The material below holds pictures, which are to be left out; copy exactly the lines from the one with "Boho Dress Women's" through the one with "أغطية الرأس النيجيرية".

#### Exercise input:
-*-*-
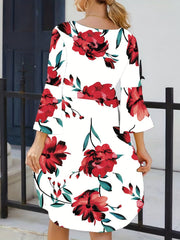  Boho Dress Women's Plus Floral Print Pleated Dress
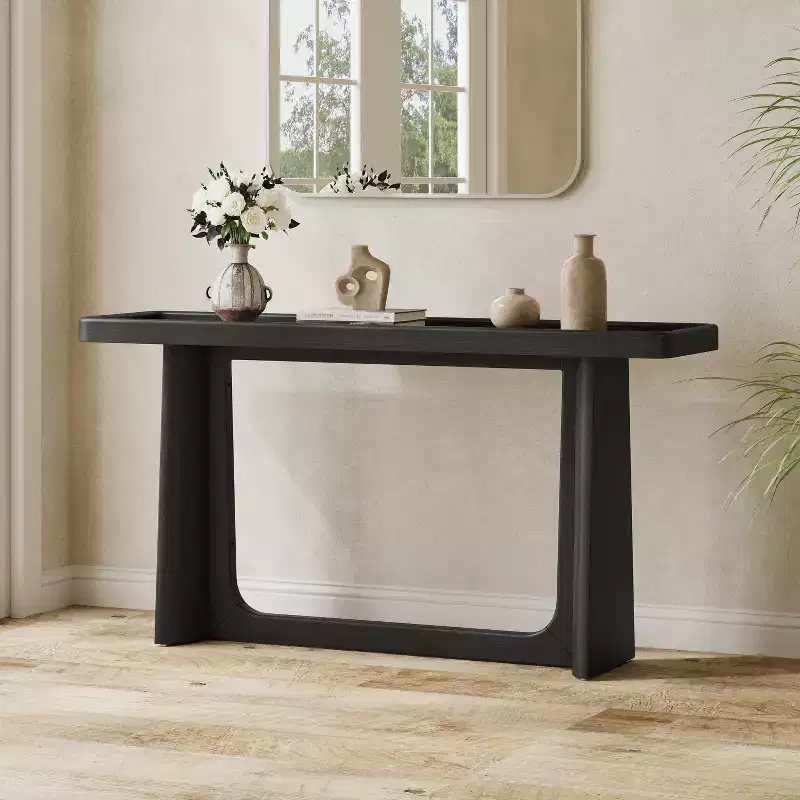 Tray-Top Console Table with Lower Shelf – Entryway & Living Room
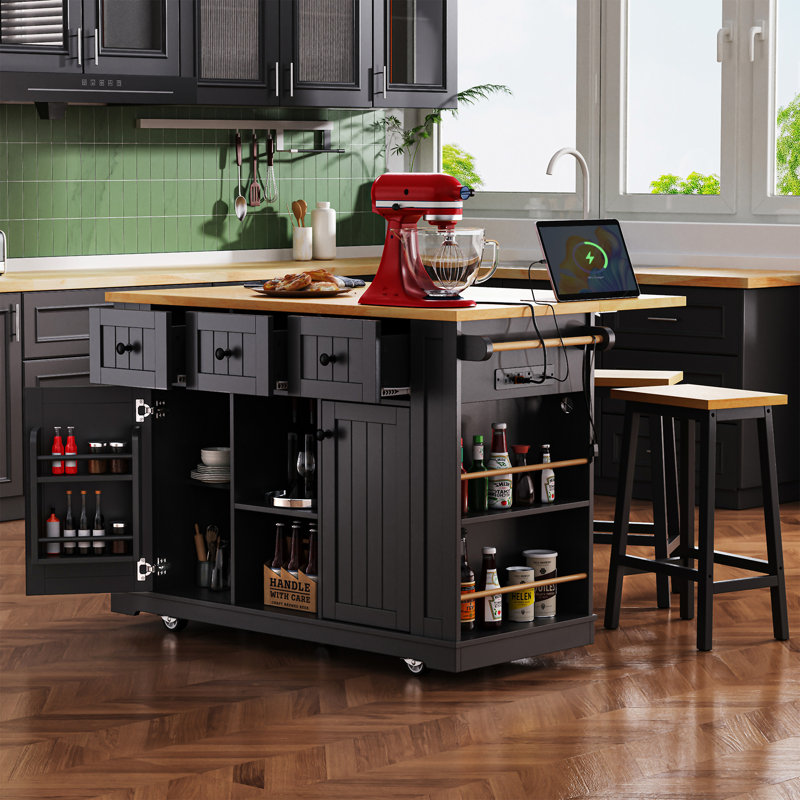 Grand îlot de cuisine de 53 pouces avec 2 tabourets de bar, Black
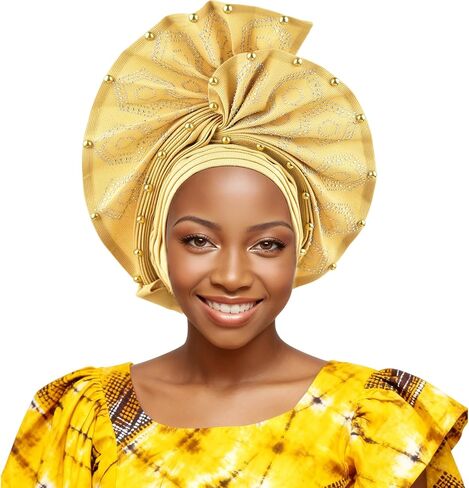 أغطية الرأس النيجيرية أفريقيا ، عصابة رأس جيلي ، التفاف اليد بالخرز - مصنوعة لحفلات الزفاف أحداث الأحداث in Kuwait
-*-*-
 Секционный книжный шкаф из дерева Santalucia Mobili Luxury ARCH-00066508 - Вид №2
-*-*-
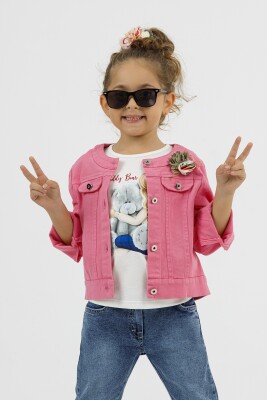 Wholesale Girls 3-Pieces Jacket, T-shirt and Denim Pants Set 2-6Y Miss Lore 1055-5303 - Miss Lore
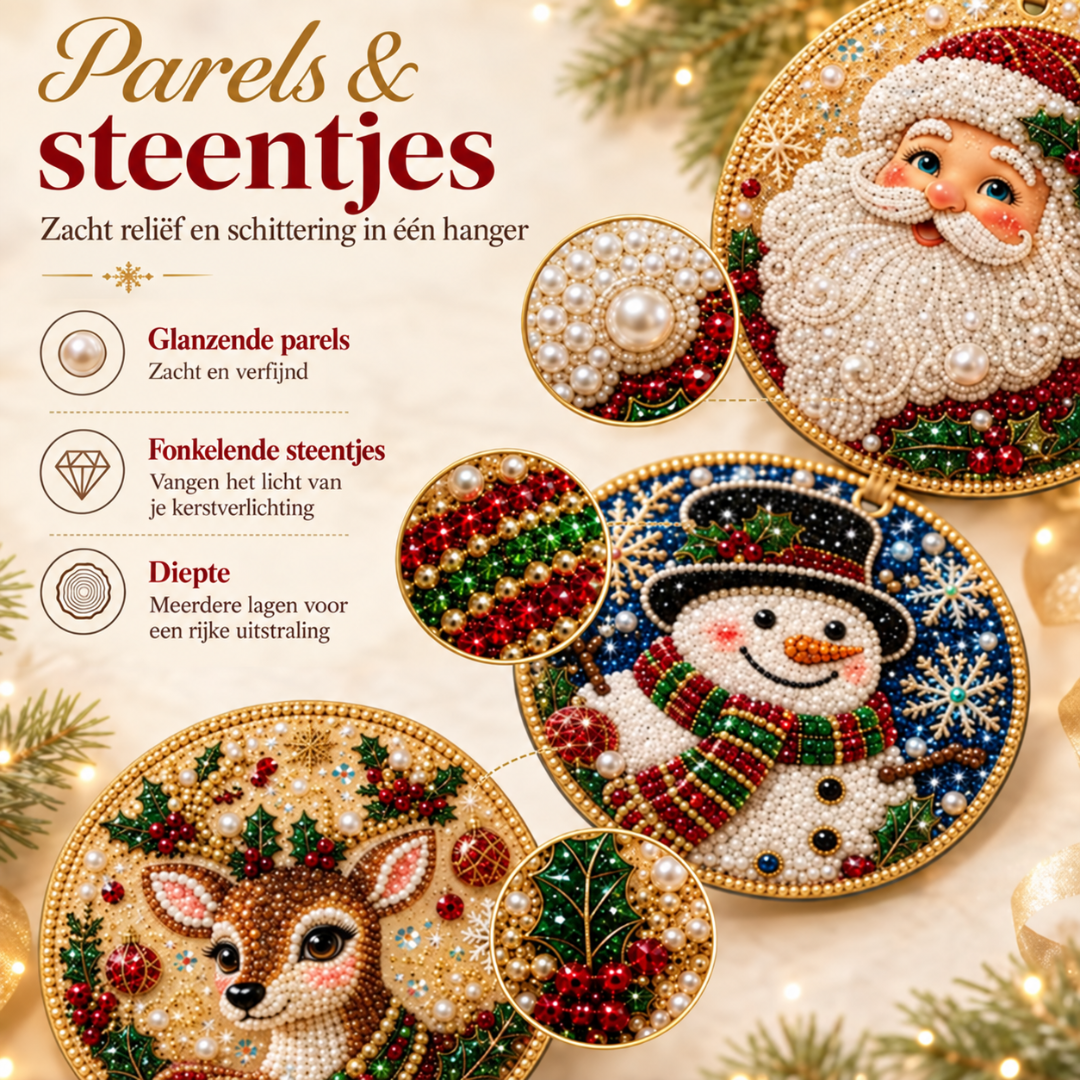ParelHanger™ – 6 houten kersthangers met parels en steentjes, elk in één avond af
-*-*-
#### Written answer:
  Boho Dress Women's Plus Floral Print Pleated Dress
 Tray-Top Console Table with Lower Shelf – Entryway & Living Room
 Grand îlot de cuisine de 53 pouces avec 2 tabourets de bar, Black
 أغطية الرأس النيجيرية أفريقيا ، عصابة رأس جيلي ، التفاف اليد بالخرز - مصنوعة لحفلات الزفاف أحداث الأحداث in Kuwait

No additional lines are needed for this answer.